Kannon statue in Gunma Prefecture, Japan

The Takasaki Byakue Daikannon (高崎白衣大観音) is a Kannon statue located on top of Mt. Kannonyama in Takasaki, Gunma Prefecture. It is also known colloquially as Kannonyama, and sometimes pronounced as Byakui as well. In Jomo Karuta, it is featured on the 'hi' card.

== Overview ==
Kannon is the Goddess of Mercy and originated in China, where she is called Guanyin. People come to Kannon to pray for protection from a variety of things such as natural disasters or for peace.

The Takasaki Byakue Daikannon is on top of Mt. Kannonyama and can be seen from some distance. The summit of Mt. Kannonyama stands at 190 meters tall; from the Kannon statue's shoulders (the highest point inside where people can climb to), one can see Takasaki City proper as well as all three of the famous mountains in Gunma. People can pay to enter inside it, where it is divided into nine floors. There are 20 Buddhas enshrined inside to view along the ascend.

== History ==
The Takasaki Byakue Daikannon was built in 1936 by Yasusaburo Inoue. It measures 41.8 meters tall, 48 meters around the waist, 0.4 meters around the thumb, and weighs around 6,000 tons in total. It was built as a memorial for fallen soldiers of the Imperial Japanese Army stationed in Takasaki with the intention of also turning Takasaki into a tourist spot, which the Takasaki Tourism Association began promoting in 1937. At that time, it was the tallest Kannon statue in Japan, but currently that record is held by the Sendai Daikannon. It is now the tenth largest in Japan.

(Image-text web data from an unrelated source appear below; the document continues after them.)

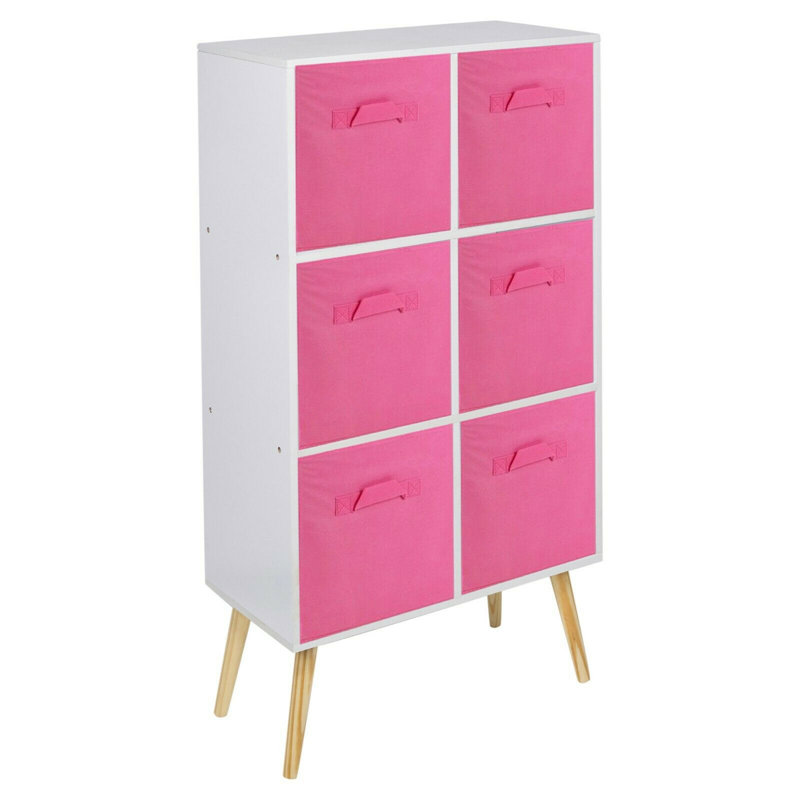Zabarskaya 110cm H x 60cm W Wood Standard Bookcase, White/Dark Pink/Black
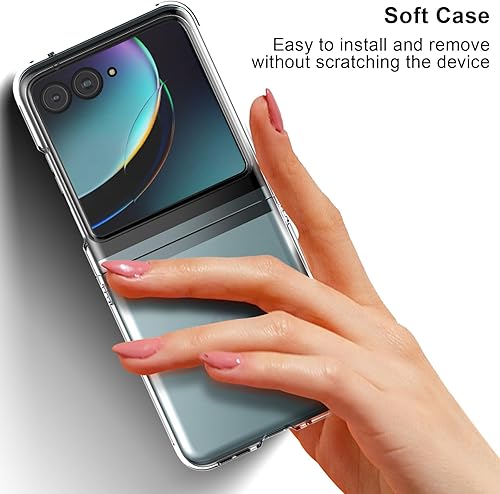 Miniatura 5 de Foluu Funda para Motorola Razr+ 2023, funda protectora de policarbonato duro transparente para Moto Razr+ 2023 (transparente)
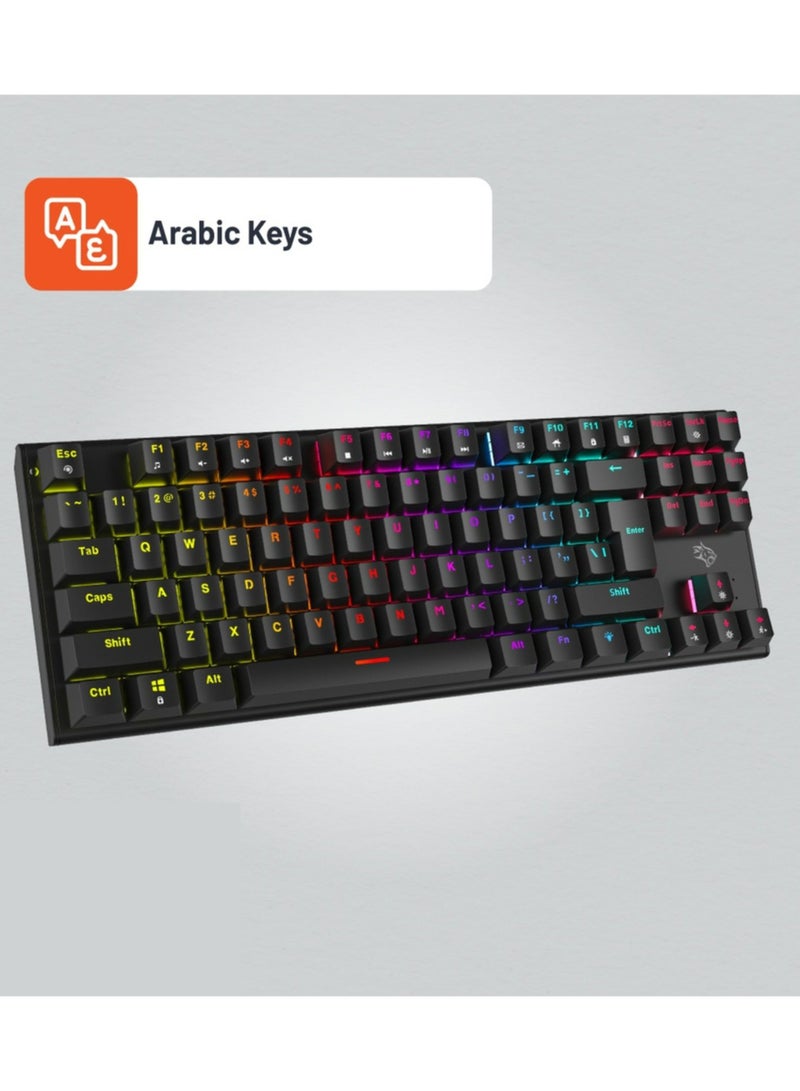 Mechanical Keyboard with Suspending Keycaps - Black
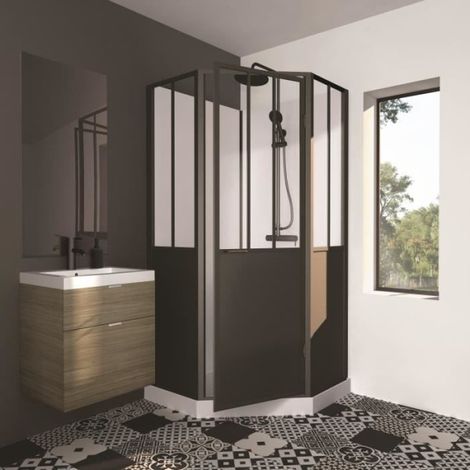 CABINE DE DOUCHE 100X100X220 STYLE INDUTRIEL NOIR (1/5)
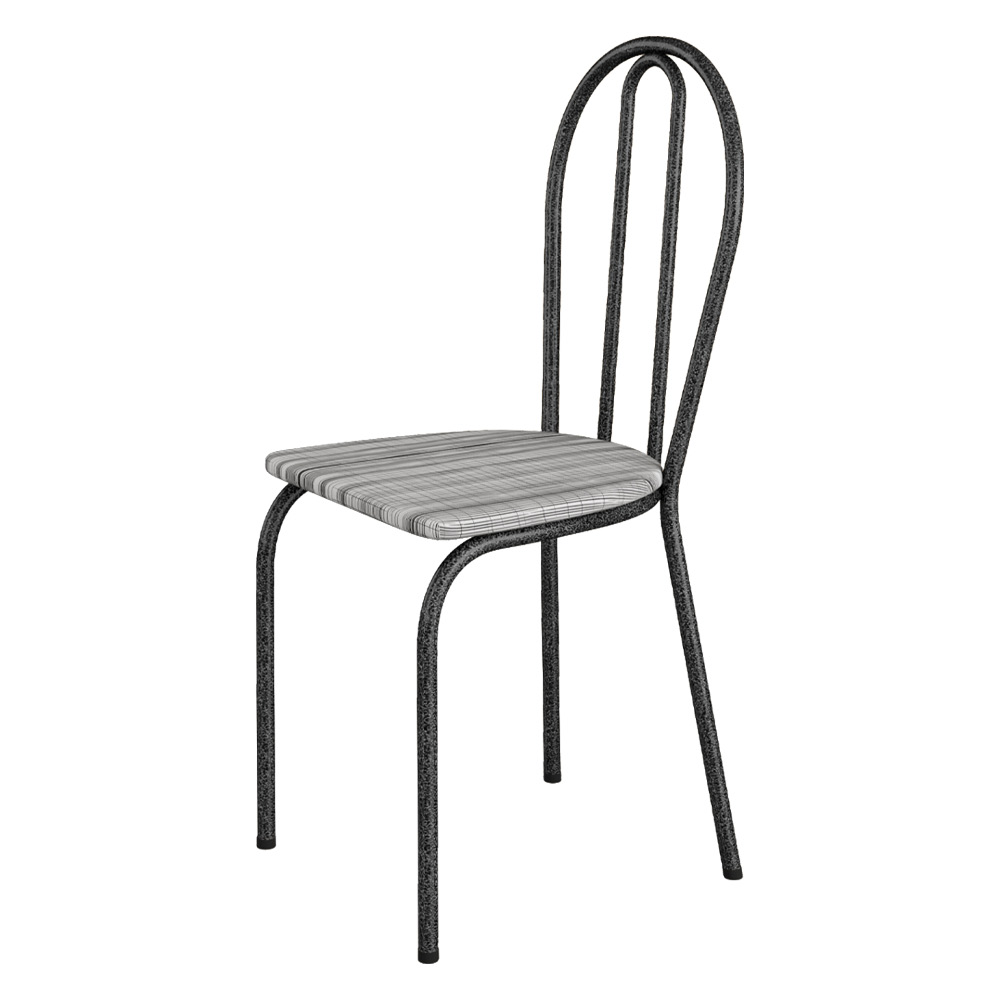Kit 4 Cadeiras de Cozinha Texas Estampado Linho Pés de Ferro Cromo Preto - Pallazio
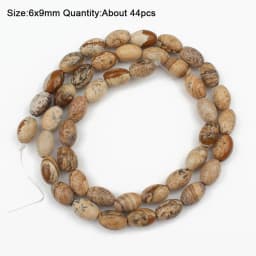 Natural Stone Picture Jasper Beads Round Heart Handmade DIY Loose Spacer Bead For Jewelry Making DIY Charms Bracelet Accessories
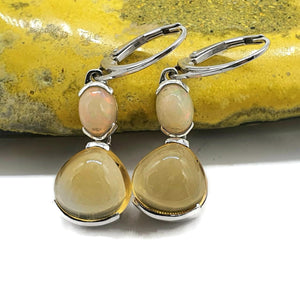 Ethiopian Opal & Citrine Earrings, Sterling Silver, Oval & Pear Shaped, Double Drop - GemzAustralia 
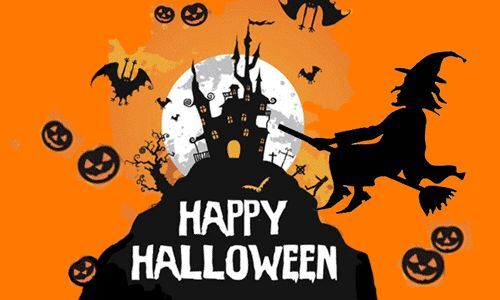 5 x 3/" Halloween Flag Happy Haunted House Skeleton Pumpkin Witch Decoration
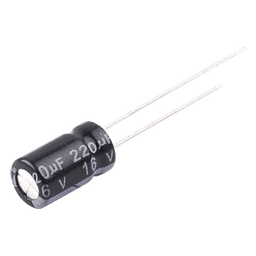 Capacitor Electrolítico Radial / 220 µF / 16 Vcc / 105 °C / 6.3 x 11 mm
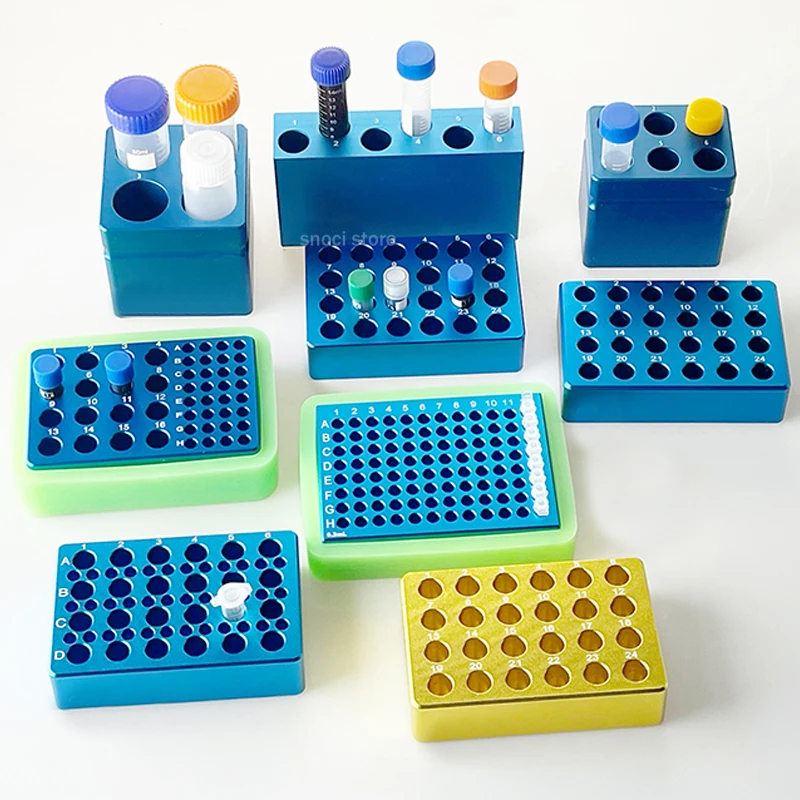 PCR Cooler Low-temperature Thermostat Pre-cooled Aluminum Ice Box Centrifuge Tube Rack Aluminum Cooling Block for PCR Tubes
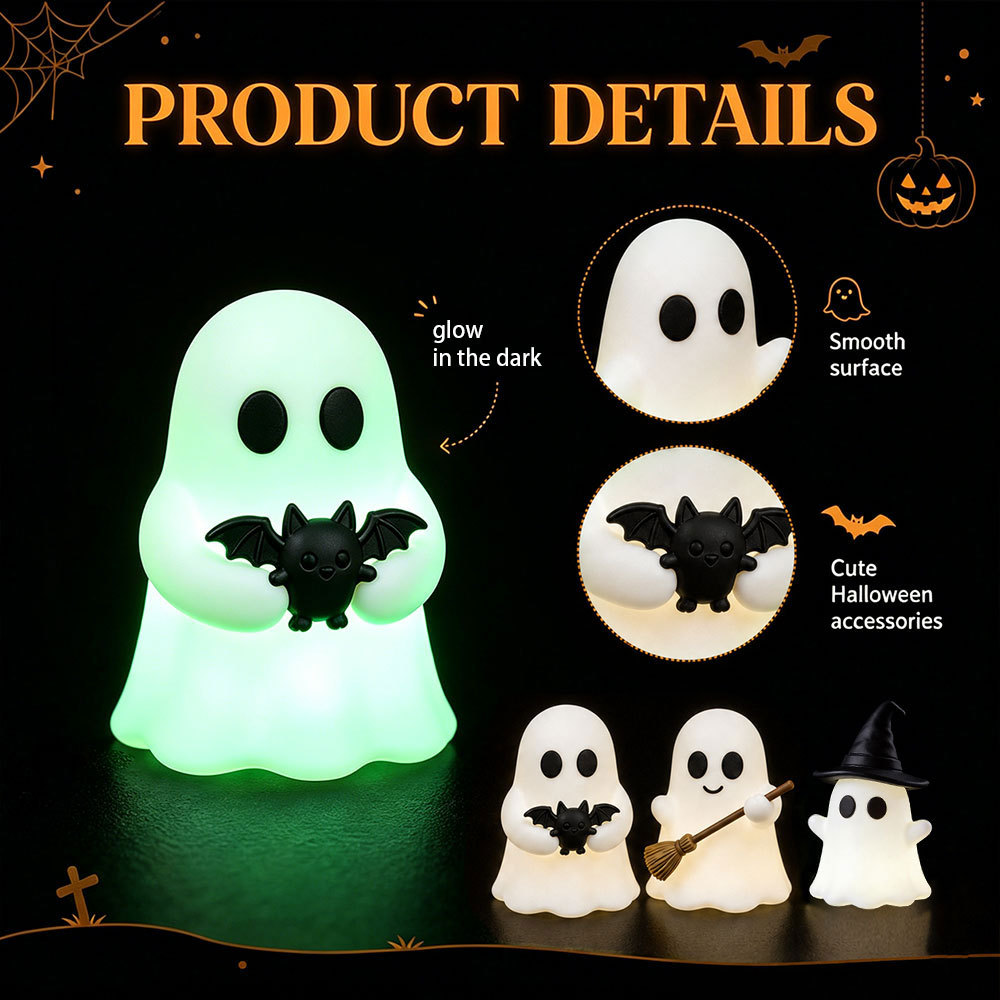 Patung Hantu Mini Bercahaya Ha - Desk Setup Dark ulasan dan harga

== Attractions and Events ==
There used to be an amusement park called Kappapia nearby; after closing down in 2003, the site became what is current day Kannonyama Park. There are nature trails for walking as well as a dye botanical garden. Every Valentine's Day since 2011, a giant red string is tied to the Kannon statue's finger, and many couples come to pray for blessings and happiness in their relationships. In August, there is also a lantern festival that takes place at night. The area is a popular spot for viewing cherry blossoms in the spring.

== Notes ==
In the 1962 film King Kong vs Godzilla, a scene was filmed where Godzilla destroys the statue, but it was cut from the final film.